VINCENT SQUARE EATING DISORDER SERVICE

MEDICATION PRESCRIBED FOR BINGE EATING DISORDER: ADVICE FOR SERVICE USERS AND CARERS

The mainstay of treatment for binge eating disorder is some form of talking therapy. This is usually offered individually (CAT or CBT are offered at Vincent Square EDS) or sometimes with your family to support healthy eating patterns.

Prescribed medicines may be part of your care plan to treat your eating disorder. This leaflet describes the different medicines most commonly prescribed for binge eating disorder.

ANTIDEPRESSANTS

Antidepressants can be used to help reduce the frequency of bingeing. They can also help treat symptoms of depression which may occur at the same time as an eating disorder. The most common group of antidepressants prescribed are called selective serotonin reuptake inhibitors (SSRIs).

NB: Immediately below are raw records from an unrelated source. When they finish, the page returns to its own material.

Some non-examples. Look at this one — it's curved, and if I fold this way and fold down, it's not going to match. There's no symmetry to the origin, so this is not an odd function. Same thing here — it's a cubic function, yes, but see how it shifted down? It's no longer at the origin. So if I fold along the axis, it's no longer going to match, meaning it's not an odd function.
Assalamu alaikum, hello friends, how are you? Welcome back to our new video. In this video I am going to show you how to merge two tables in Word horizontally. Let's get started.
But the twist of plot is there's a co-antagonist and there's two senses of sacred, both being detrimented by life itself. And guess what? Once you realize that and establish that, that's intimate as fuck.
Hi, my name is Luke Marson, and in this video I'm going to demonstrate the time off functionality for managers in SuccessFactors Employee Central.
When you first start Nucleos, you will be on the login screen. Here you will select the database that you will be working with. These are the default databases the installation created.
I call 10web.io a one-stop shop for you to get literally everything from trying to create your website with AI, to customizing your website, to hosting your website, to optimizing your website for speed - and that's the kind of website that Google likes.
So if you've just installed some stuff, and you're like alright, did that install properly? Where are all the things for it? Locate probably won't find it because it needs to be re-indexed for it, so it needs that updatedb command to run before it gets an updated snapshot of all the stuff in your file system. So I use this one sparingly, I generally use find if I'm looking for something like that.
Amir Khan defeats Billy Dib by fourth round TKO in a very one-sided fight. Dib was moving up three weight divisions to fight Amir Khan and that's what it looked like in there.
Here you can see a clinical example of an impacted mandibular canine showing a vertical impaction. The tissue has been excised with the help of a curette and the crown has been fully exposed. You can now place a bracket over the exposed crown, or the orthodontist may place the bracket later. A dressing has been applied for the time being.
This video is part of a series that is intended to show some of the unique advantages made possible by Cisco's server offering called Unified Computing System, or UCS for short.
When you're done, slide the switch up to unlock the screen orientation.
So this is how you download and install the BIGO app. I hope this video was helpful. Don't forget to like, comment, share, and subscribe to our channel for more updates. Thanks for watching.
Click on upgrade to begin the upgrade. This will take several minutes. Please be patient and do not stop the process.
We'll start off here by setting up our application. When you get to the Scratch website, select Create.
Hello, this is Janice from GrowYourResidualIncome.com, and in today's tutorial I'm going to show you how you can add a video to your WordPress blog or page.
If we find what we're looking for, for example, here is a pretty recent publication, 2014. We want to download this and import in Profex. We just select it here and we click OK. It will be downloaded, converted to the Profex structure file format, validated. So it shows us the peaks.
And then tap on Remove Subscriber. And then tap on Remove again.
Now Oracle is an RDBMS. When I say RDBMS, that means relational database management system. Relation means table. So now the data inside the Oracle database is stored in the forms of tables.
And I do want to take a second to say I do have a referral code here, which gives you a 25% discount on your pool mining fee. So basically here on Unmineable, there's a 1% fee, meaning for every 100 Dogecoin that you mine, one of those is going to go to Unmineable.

Antidepressants for Binge Eating: Taking an SSRI should help reduce the frequency of bingeing in the short term though the longer term effects are unknown. As with a talking therapy the SSRI helps you achieve more controlled eating and a stable weight rather than significant weight loss. Antidepressants on their own have not been shown to be as effective as some talking therapies such as CBT. They can be a useful first step, especially if there is a long wait to access a talking therapy. If you are already receiving a talking treatment such as CBT then there is unlikely to be an added benefit from starting an SSRI unless you are also depressed. Fluoxetine (Prozac) is the usual first choice. You may be offered a higher dose of SSRI than you would take for depression. E.g. 60mg of fluoxetine.

Antidepressants for Depression: If your depressive symptoms are severe, longstanding or associated with suicidal thoughts then your doctor may discuss taking an antidepressant. The most commonly used antidepressants are called selective serotonin reuptake inhibitors (SSRI). E.g. fluoxetine, citalopram or sertraline. Some other prescriptions such as venlafaxine and mirtazapine are sometimes used. They work in a slightly different way but do a similar job. However they have slightly different side effects and you should ask your doctor for an information leaflet.

Antidepressants usually take between two and six weeks to take full effect. It is recommended that you carry on taking them for at least six months after your mood recovers. If you have experienced two or more episodes of depression then you should consider taking them for two years or longer. You should usually reduce the dose gradually rather than stopping abruptly to avoid unwanted withdrawal symptoms.

Topiramate( Topamax): This is usually used to treat epilepsy or migraines. It has also been shown to help reduce the frequency of binges (but does not achieve significant weight loss without additional psychological support). This benefit has not yet been shown to last in the long term and the evidence is that talking therapies such as CBT have the best chance of successfully treating your eating disorder. However, you may consider it if you have a long wait for therapy.

If you are already receiving a talking therapy such as CBT you might consider adding in topiramate. If taken alongside talking therapy such as CBT it can help achieve modest weight loss even though it may not change your eating patterns beyond what you would achieve though therapy alone.

(It can interfere with other medicines such as the oral contraceptive pill.) You should only consider this if your body mass index (BMI) is over 30.

Orlistat (Xenical): This reduces the amount of calories that the body is able to absorb through fatty food. It has been shown to help people with binge eating disorder lose a modest amount of weight during CBT.

You can talk to your GP about being prescribed this. You may need to take it up to three times a day. It can also be bought over the counter in a pharmacy (Alli) and you should let your doctor know if you are using it. It should only be considered if your BMI is over 28. If you continue to overeat fatty foods while taking it you may experience unpleasant tummy upset and diarrhoea. You may also need to take vitamin supplements if you use it for a long time.

Other medications: Sibutramine (Reductil) and rimonabant (Acomplia) have both been withdrawn due to dangerous side effects and are no longer available.